# Working data
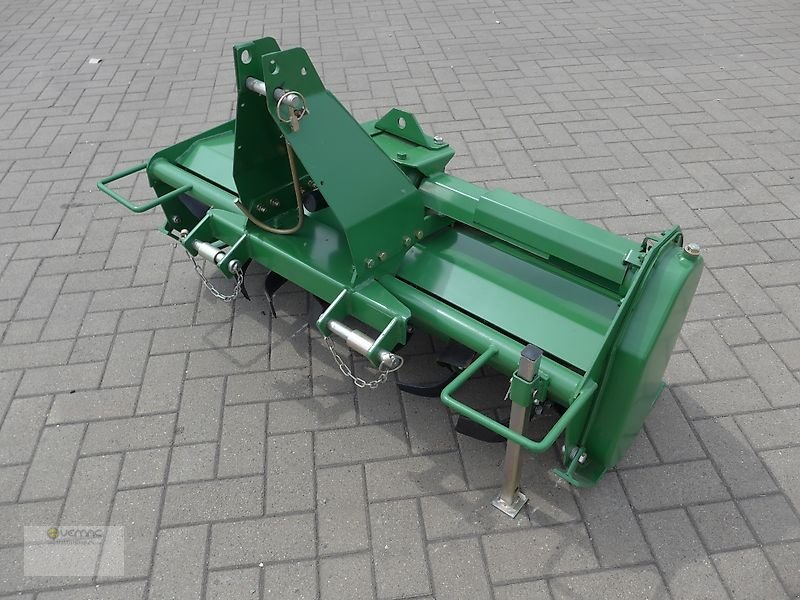 Bodenfräse des Typs Geo Bodenfräse Fräse Ackerfräse leichte Version TL 135cm NEU, Neumaschine in Osterweddingen / Magdeburg (Bild 10)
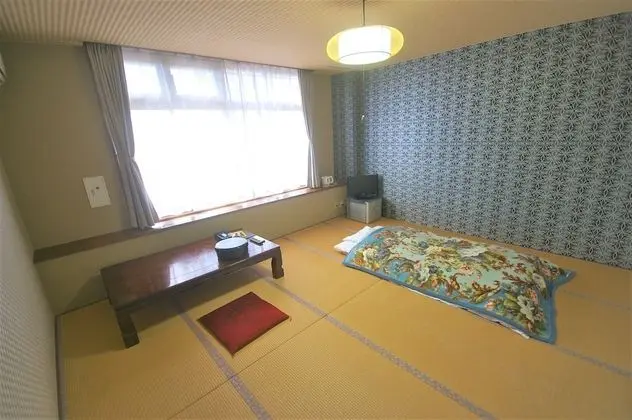 Traditional Oda (Japanese Style, Superior)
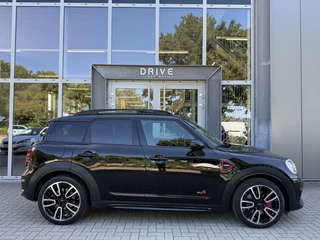 MINI Countryman Mini Mini Countryman 2.0 John Cooper Works ALL4 Chili |Pano|H&K|Cam - afbeelding nr 25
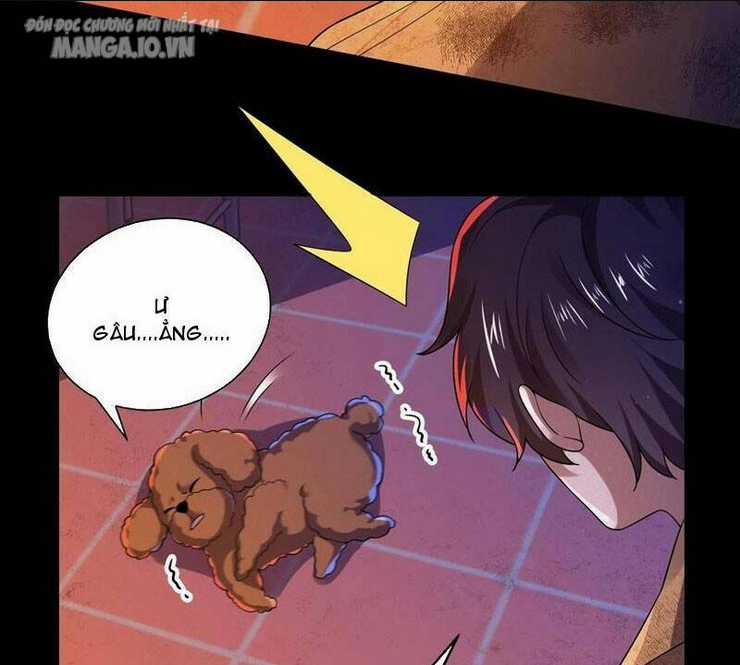 Quy Tắc Chuyện Lạ: Bắt Đầu Hóa Thân Đánh Lui Chiến Thần Chapter 53 trang 24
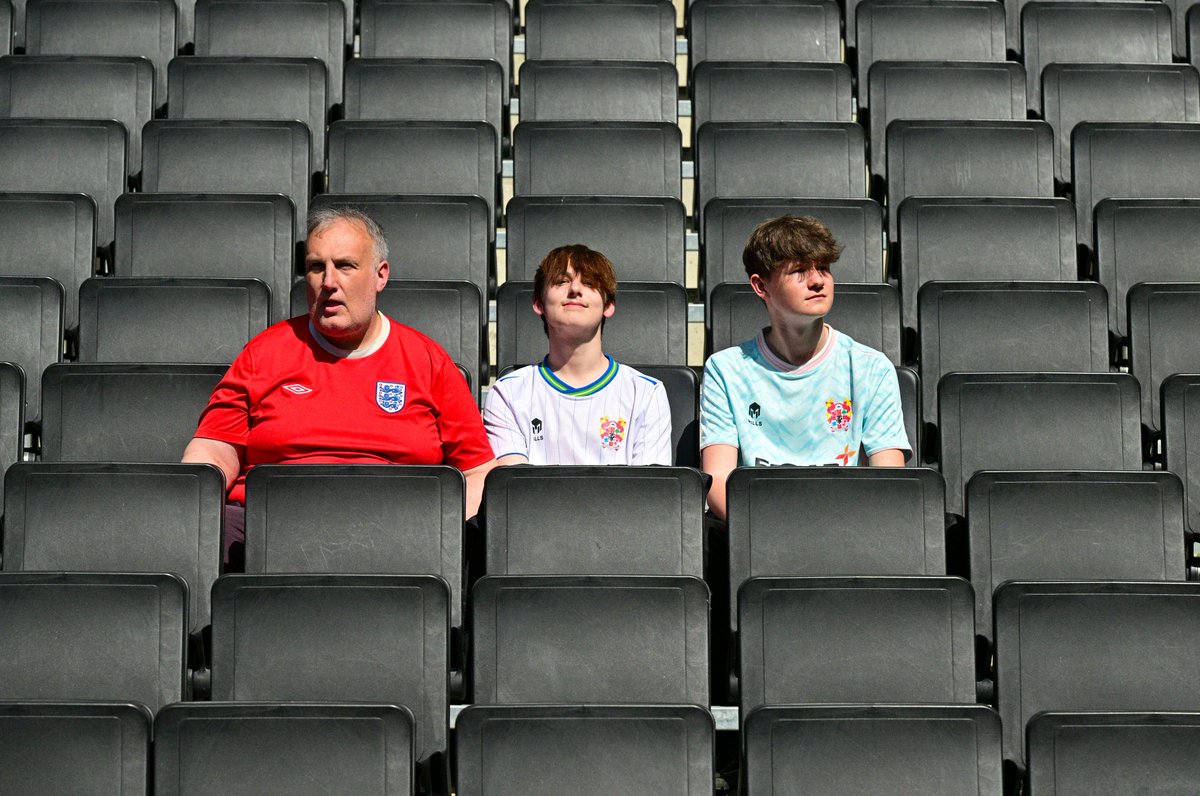 TRFC Official Store tweet media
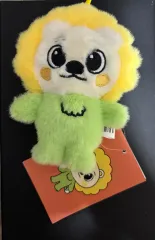 NMIXX（エンミックス・エンミ） リリー 10cm ぬいぐるみ Dandelion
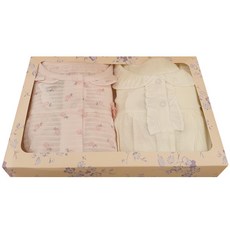 3개월7부우주복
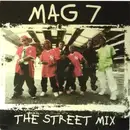 12inch Vinyl Single - Mag 7 - The Street Mix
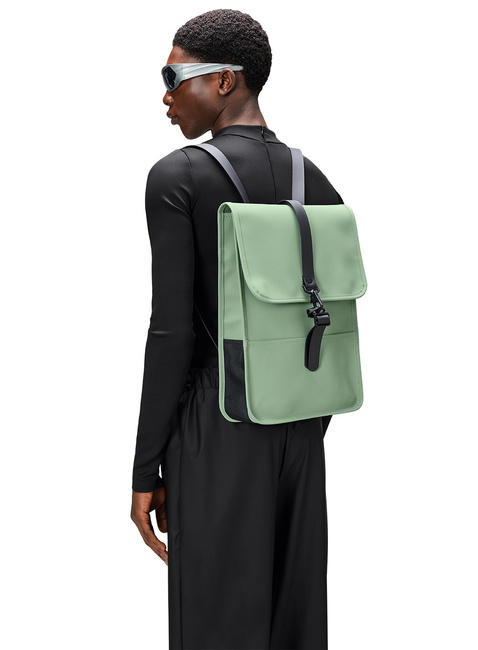 Plecak Rains Backpack Mini W3 - haze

# Your goal
In the data above, the line containing "12inch Vinyl Single - Mag 7 - The Street Mix" and all lines after it are to be reproduced exactly, leaving out the pictures.

# Written answer
 12inch Vinyl Single - Mag 7 - The Street Mix
 Plecak Rains Backpack Mini W3 - haze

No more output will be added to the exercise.